Wayne Weibel
Wayne Weibel

Reputation: 973

GitLab fork remote public repo

My organization has a dedicated machine for our GitLab install. I regularly work with other public projects (Drupal.org and Github). I would like to have a repo on our GitLab with a branch that would track the remote Drupal or Github project, in addition to having our own development and production branches.

Want this to be on the GitLab server (machine) so a developer is not responsible for tracking and updating from the public remote.

Essentially, fork public repo tracked on 'master', with internal branches 'devel' and 'prod'; developers only cloning internal devel branch. Then have the ability to pull from remote to master, then merge to other internal branches as desired. Can that be accomplished via the web interface or with hooks? or ...

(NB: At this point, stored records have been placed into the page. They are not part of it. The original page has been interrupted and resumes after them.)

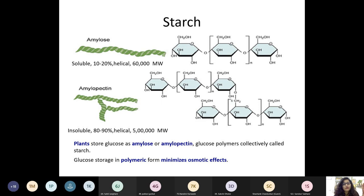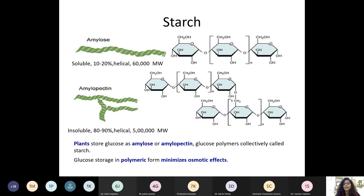Amylose comprises about 20% of starch. It is a linear, unbranched polymer in helical form with all alpha-1,4 linkages. Molecular weight is around 60,000. Amylopectin is a branched molecule containing both alpha-1,4 linkages and alpha-1,6 linkages at branching points. Its molecular weight is high, and it comprises about 80 to 90% of starch.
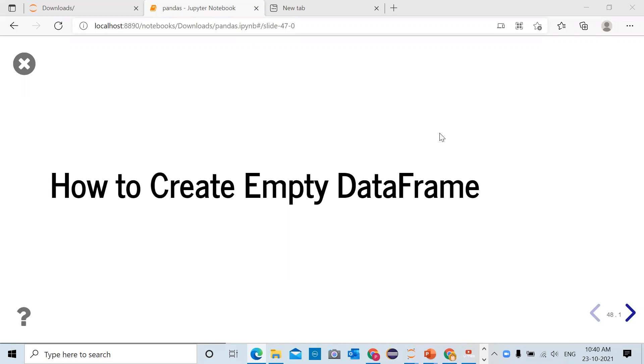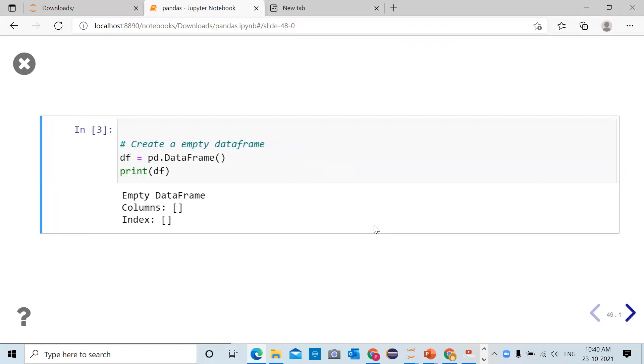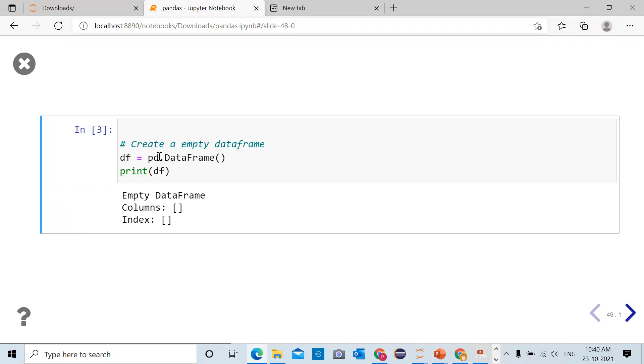We have already imported library numpy as np and pandas as pd. To create an empty data frame, using pandas library DataFrame function, we can create a data frame.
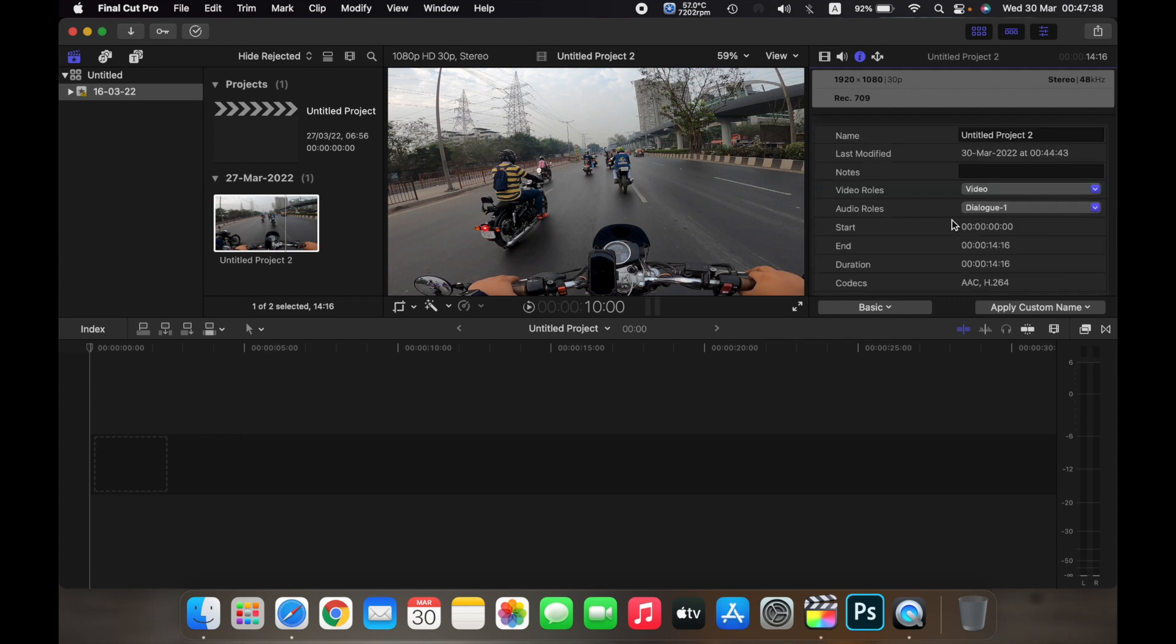So that is how you view information about a clip on Final Cut Pro. Thank you.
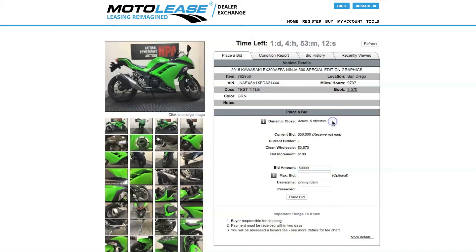Dynamic Bid. Upon the end of the auction, if there are multiple dealers bidding on the same unit, that unit will remain open until there has been 5 minutes of no bid activity.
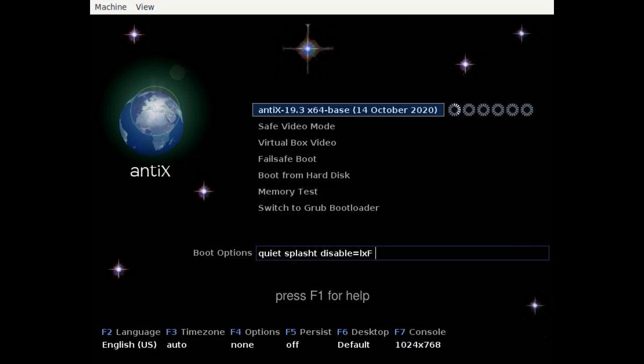If all had went well we should have a full installation of LibreELEC Kodi. Now we're going to install AntiX Linux.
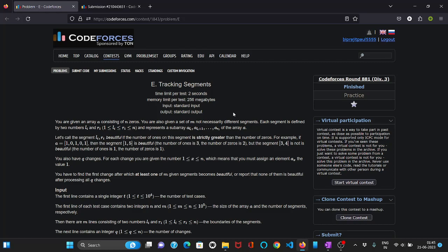Hello everyone, welcome to the YouTube channel of DCCNITA. In this video we are going to discuss the problem tracking segments which came in CodeForces round 881 div 3.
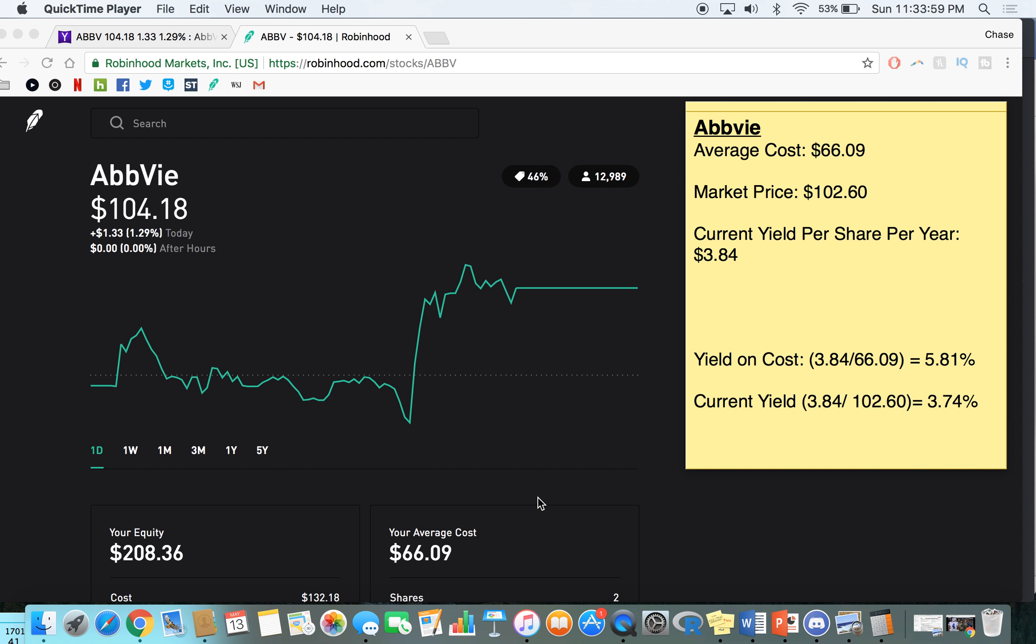So essentially when you're calculating this, you're going to want to take your dividend payout that's going to come for the entire year. This is much easier to calculate on a stock than an ETF because stocks have a little bit more consistent of a dividend payout number because ETFs kind of fluctuate. But it's about 94 cents here. And so times four, 384, and then divide that by your average cost. And that's going to give you your yield on cost.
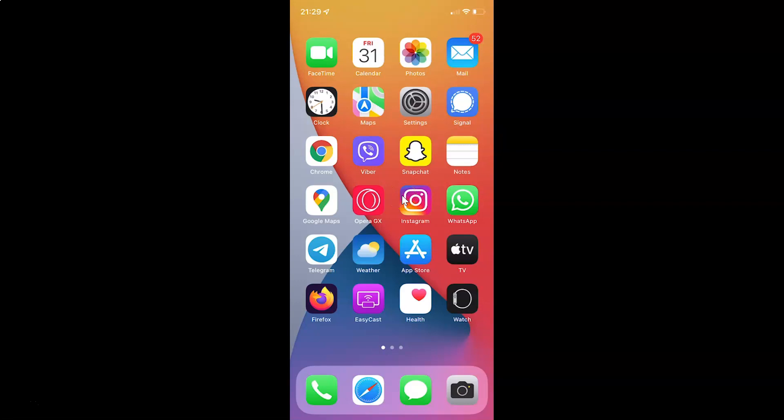Hi guys, in this video I will show you how to enable or disable smart invert on your iPhone running iOS version 15.2. This is my iPhone device, so let's start.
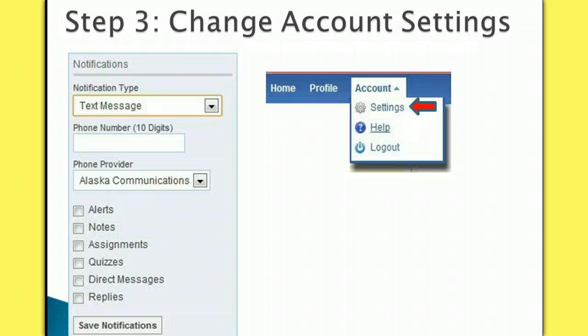Only choose to receive text notifications if you have an unlimited texting plan. You don't want to be responsible for overage charges on your bill. You will receive a confirmation code text to enter when you set up your notifications.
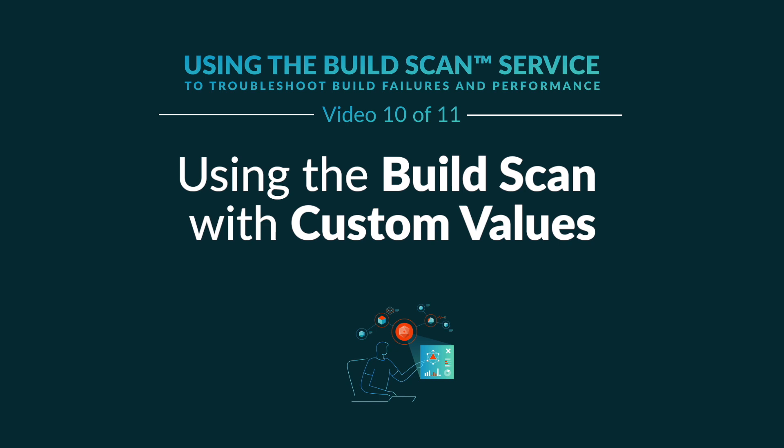The build scan provides an enormous amount of data about your build, but sometimes you may want to include other information such as domain-specific details or properties of the CI environment that are not automatically included.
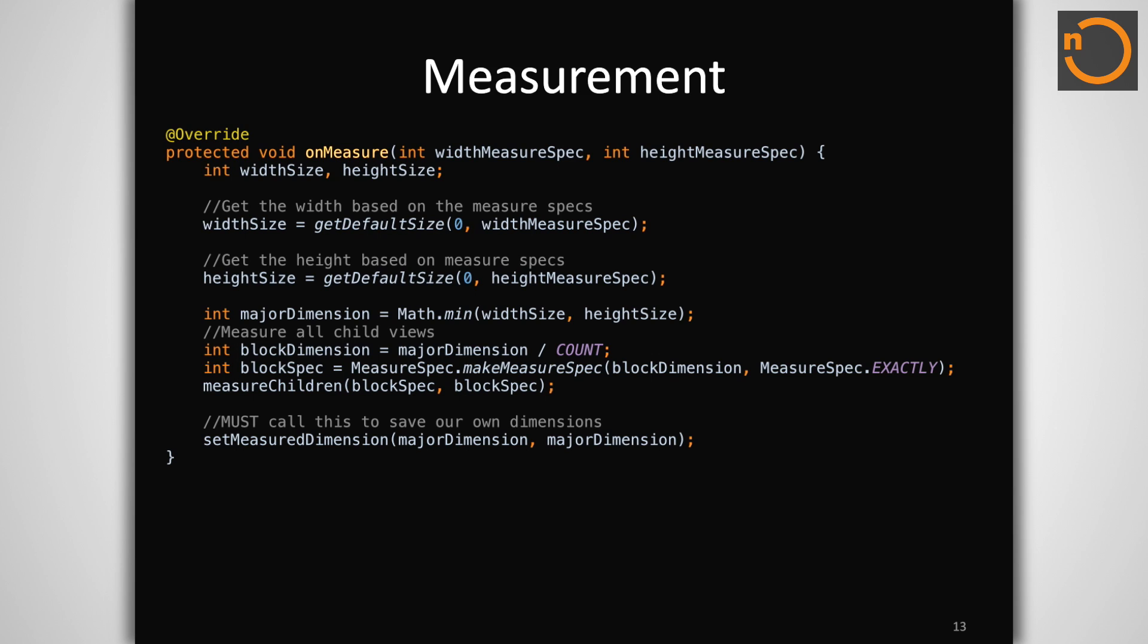Just as with views, view groups are responsible for measuring themselves. For this example, we are computing the size of the view group using the framework's getDefaultSize method, which essentially returns the size provided by the measure spec in all cases except when an exact size requirement is imposed by the parent. View group has one more job during measurement, though.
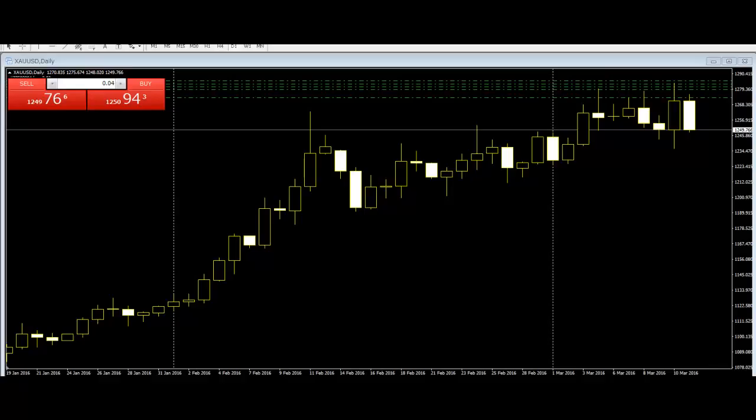On the fourth day, this pattern generally confirms the harami, as the second day shows a weakness in the bullish trend and the third and fourth days confirm this weakness as ongoing.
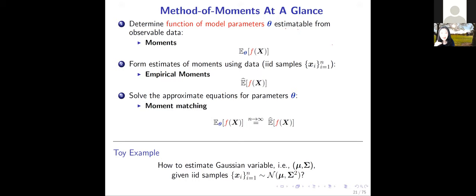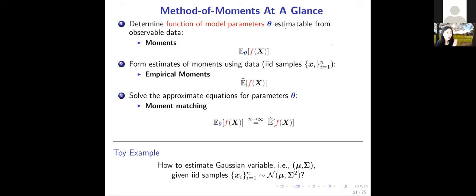I still haven't really talked about the function f. I hinted that I can choose f to be the identity, making it a first-order moment. Or I can choose f to be a second-order interaction between the data — think of covariance as a second-order interaction. I could also think about even higher-order interactions, like a third-order interaction. By using tensor notations, we'll understand how to write these concretely.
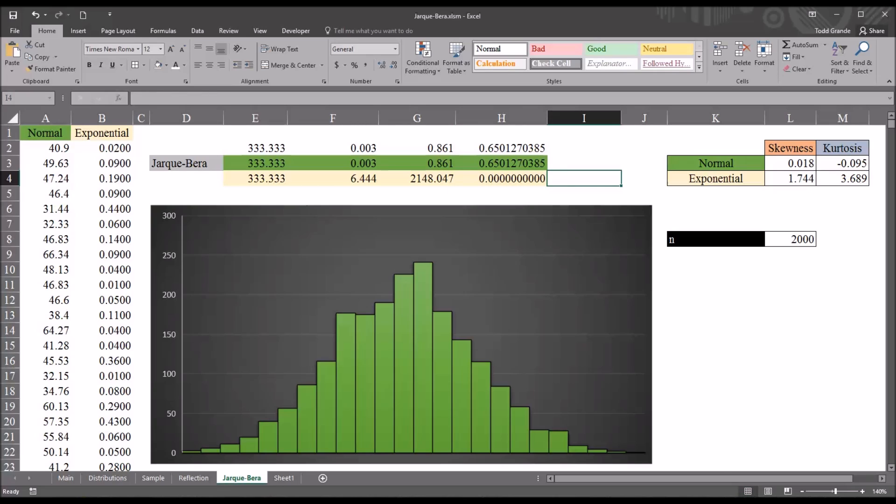I hope you found this video on calculating the JB test in Excel to be helpful. As always, if you have any questions or concerns, feel free to contact me, and I'll be happy to assist you.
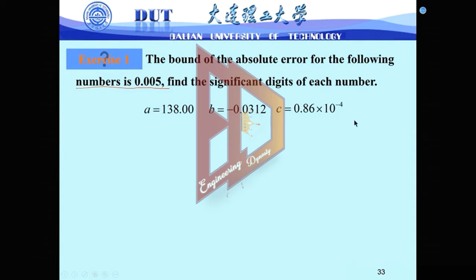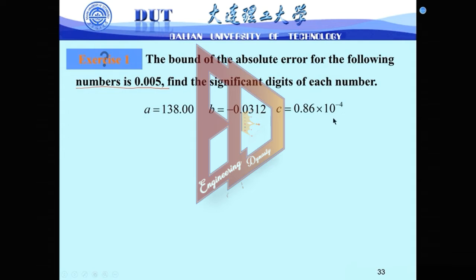Now, we don't know what the exact values are, just like a practical problem. We don't know the exact values, but we can estimate the error bound as 0.005. We need to estimate how many significant digits for each of the three results A, B, and C. We only know the error bound and need to estimate the number of significant digits.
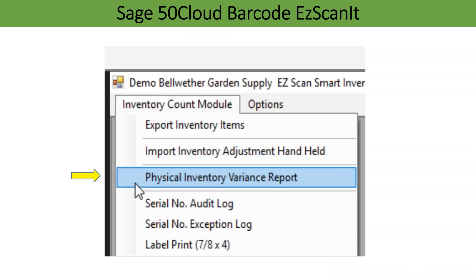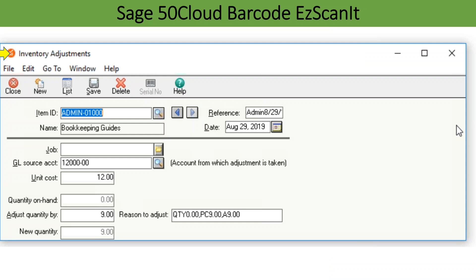To verify the count, you can view or print the physical inventory variance report from the EasyScanIt menu. This report matches the inventory adjustments that have been created in Sage 50 Cloud for all items counted. The adjustment calculates the difference between the pre-count quantity and the actual count.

Following the answer to Create a fork of public git repo for github it would seem that it would need to be a script to pull from public remote to local, then push to GitLab master, with the script set as a cron job. Yeah?

Upvotes: 9

Views: 12741

Answers (2)

Xin Meng
Xin Meng

Reputation: 2100

Maybe you can try the GitLab mirroring feature. It supports pulling from the remote repo.

Upvotes: 0

petrpulc
petrpulc

Reputation: 970

Fork is nothing but a new repository with added remote

There are three main ideas that need to be understood:

  • each Git repository is a standalone repository
  • "fork" is a fancy word for repository with remote pointing to original repository
  • GitLab is nothing more than a user interface to a real Git repository on a filesystem

Therefore, if you insist that some branch(es) should be kept up to date on your server with the branches on remote (git:// or http(s)://) you can add new remote to your real git repository (usually located at /home/git/repositories, check your gitlab.yml) and set-up a cron to pull changes from such remote.

BUT, a lot of things may go wrong if the pull won't be a fast-forward and merge would be needed.

A solution to that would be to fetch the remote and reset instead, but this time all your changes would be lost.

Better do it all by hand

If only possible, a much better solution would be to dedicate a bit of time and pull the changes by hand, check for consistencies and push to your local copy.